How’s it looking now?

Accessing the village these days isn’t strictly speaking legal, but the only resistance you’ll find there is a few disinterested workmen. The fact that you’ve got to ‘sneak’ in to certain parts only makes it more thrilling, especially around the area of the former Reichswehr army barracks. Old spotlights loom overhead, and as you roam from building to building you feel like a misbehaving soldier scurrying around the camp after lights out.

Coming from the train station (Elstal) the abandoned Russian tenements are the first real point of interest you’ll encounter, row after row of hollowed out Plattenbau structures.

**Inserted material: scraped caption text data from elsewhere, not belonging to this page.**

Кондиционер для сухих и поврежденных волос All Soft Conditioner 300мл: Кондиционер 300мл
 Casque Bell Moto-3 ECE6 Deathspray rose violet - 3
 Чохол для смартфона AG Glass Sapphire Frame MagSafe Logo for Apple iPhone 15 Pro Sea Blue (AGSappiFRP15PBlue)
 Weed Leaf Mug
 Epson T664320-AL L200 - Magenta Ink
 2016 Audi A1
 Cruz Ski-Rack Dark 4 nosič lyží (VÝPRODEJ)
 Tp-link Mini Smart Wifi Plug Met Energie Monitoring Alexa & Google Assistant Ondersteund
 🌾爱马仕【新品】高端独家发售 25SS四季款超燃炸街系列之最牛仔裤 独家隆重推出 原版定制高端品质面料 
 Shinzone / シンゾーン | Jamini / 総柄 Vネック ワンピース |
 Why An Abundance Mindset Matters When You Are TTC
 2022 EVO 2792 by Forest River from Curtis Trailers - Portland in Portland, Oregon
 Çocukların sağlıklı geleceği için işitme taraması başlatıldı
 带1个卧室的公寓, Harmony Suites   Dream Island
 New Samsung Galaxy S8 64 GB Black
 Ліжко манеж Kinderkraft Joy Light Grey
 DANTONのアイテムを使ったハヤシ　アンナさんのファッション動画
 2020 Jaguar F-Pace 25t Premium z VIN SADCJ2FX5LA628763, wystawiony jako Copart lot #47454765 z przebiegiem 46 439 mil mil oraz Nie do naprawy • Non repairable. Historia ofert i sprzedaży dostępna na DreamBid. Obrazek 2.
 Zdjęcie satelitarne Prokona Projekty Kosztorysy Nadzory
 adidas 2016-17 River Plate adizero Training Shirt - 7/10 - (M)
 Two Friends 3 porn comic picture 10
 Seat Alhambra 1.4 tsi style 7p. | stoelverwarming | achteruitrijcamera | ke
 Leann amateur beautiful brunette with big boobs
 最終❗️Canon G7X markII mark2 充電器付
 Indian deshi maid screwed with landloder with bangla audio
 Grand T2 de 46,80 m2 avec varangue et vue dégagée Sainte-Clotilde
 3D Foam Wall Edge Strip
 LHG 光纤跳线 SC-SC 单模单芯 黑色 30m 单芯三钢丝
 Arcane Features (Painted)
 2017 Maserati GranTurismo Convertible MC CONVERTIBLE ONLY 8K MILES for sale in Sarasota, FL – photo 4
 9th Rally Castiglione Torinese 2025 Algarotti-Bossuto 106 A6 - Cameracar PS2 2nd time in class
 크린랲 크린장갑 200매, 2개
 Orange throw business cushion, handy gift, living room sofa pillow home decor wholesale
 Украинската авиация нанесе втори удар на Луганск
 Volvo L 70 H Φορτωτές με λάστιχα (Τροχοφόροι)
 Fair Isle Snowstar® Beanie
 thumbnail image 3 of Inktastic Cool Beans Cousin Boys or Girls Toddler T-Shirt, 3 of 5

Upon close inspection you can see that these were once lived in, as some remnants of their inhabitants remain, mostly colourful wall paint and drawings. They’ve been abandoned since around the fall of the Berlin wall, and are now creepy, echoing shells, complete with crumbling walls and dripping ceilings. The basement level is probably best explored with a partner and a reliable torch, it’s pitch-black and void of sound.

 

After pushing gently on the doors of the army quarters, you’ll find some of the old lodgings can still be explored. It’s not really clear weather this is by design, or perhaps the previous group generously left the entrances open. Inside these houses you’ll meet shattered windows, loose pipes, and the odd nail on the floor, so best to move slowly and with a pair of thick boots. There are some rather nerve-wracking rooms to discover, using hatches in the floor that lead to the undisturbed levels underground. Again, better with a buddy and lots of light. There’re ancient Cyrillic newspapers plastered to the walls, perhaps once makeshift insulation for the soldiers that lived there.

 

The state-of-the-art restaurant complex is still standing and looking much unchanged – but now it’s housing and a small museum. This is ostensibly where a tour of the village can be booked, although how to go about it is anybody’s guess. You’ll the find the remains of the swimming hall pretty easy to access, and clearly people have climbed up into the rafters to peak up there too.

 

The one part that remains largely unexplored is the athletes housing, probably because to break in to this section you’re in plain view of the people who live here now.